Les pirates ont capturé samedi le superpétrolier, chargé de deux millions de barils de brut, soit l'équivalent de 300.000 tonnes de pétrole.

Le bateau, dont la cargaison vaut environ 100 millions de dollars, est ancré depuis mardi devant un de leurs repaires, le petit port d'Harardere, à 300 km au nord de Mogadiscio.

Mercredi, le ministre saoudien des Affaires étrangères, le prince Saoud al-Fayçal, avait déjà fait état de négociations.

«Je sais que les propriétaires du pétrolier négocient. Nous n'aimons pas négocier avec les terroristes ou avec les preneurs d'otages. Mais les propriétaires du pétrolier sont les arbitres en dernier lieu de ce qui se passe là-bas», avait-il expliqué.

La capture du Sirius Star, long de 330 mètres, est l'opération de piraterie la plus spectaculaire menée dans cette zone de l'Océan indien.

Selon le Bureau maritime international (BMI), 94 bateaux ont été attaqués par des pirates somaliens depuis janvier. Trente huit navires ont été saisis dont 17 sont toujours aux mains des pirates avec 250 membres d'équipage.

Plusieurs pays ont déjà dépêché des navires de guerre au large de la Somalie pour lutter contre les bandits des mers, qui continuent cependant de capturer des bateaux pour obtenir des rançons.

Face à la persistance des attaques, la Russie, qui a déjà un navire militaire dans la zone, a annoncé jeudi l'envoi d'autres bâtiments.

«Après l'Intrépide, d'autres navires de la marine russe vont se diriger vers la région», a indiqué l'amiral Vladimir Vyssotski, cité par l'agence Ria Novosti. «C'est nécessaire en raison de la situation qui s'est développée à proximité de la Corne de l'Afrique et dans le golfe d'Aden, où les pirates somaliens ont considérablement accru leurs activités».

Se démarquant de la position russe, Washington - qui a déjà une imposante force navale dans l'océan Indien - a jugé que l'approche militaire n'était pas adéquate.

«Vous pouvez avoir toutes les Marines du monde déployant tous leurs navires là-bas, cela ne résoudra jamais ce problème», a déclaré Geoff Morrell, porte-parole du Pentagone, en suggérant que les compagnies maritimes fassent davantage pour protéger leurs navires.

La multiplication des attaques des pirates inquiète également les pays riverains de la mer Rouge, car elle risque d'entraîner une diminution du trafic maritime.

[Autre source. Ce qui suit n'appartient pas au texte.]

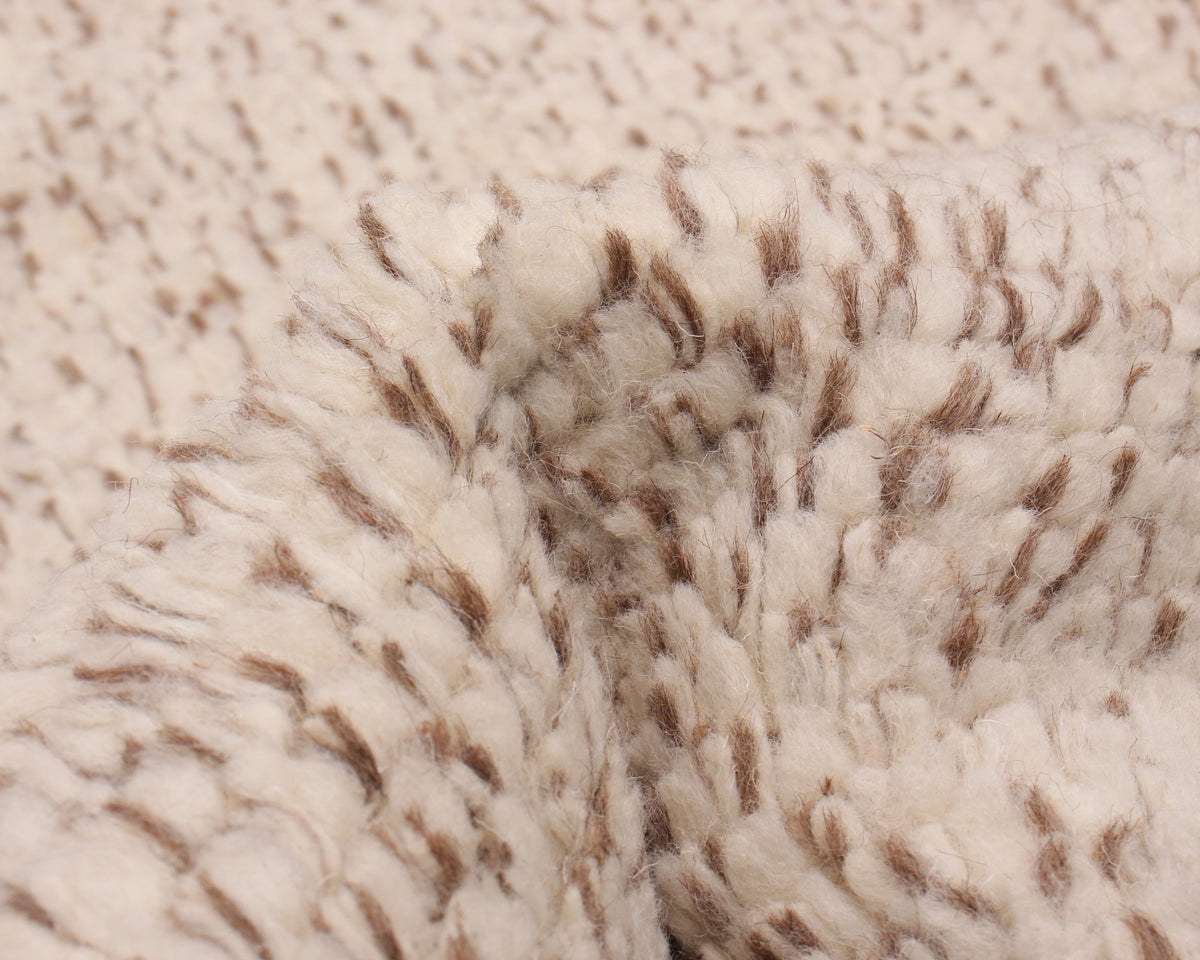 woven mat in buff | #110 | 2'1" x 3'2"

Réunis jeudi au Caire, des responsables égyptiens, jordaniens, saoudiens, soudanais et yéménites ont envisagé «toutes les options» pour lutter contre la piraterie, selon le porte-parole du ministère égyptien des Affaires étrangères, Hossam Zaki.

«Le phénomène menace la navigation dans la mer Rouge et amène certains bateaux à choisir d'autres routes», s'est-il alarmé. L'Egypte tire d'importants revenus du trafic maritime dans le canal de Suez.

L'Union africaine (UA) a pour sa part rappelé que l'explosion de la piraterie n'est que la conséquence du chaos régnant en Somalie depuis le début d'une guerre civile en 1991.

La fin de la piraterie passe par le retour à la paix, a souligné le président de la Commission de l'UA, Jean Ping, en redemandant l'envoi d'une force de paix de l'ONU dans le pays.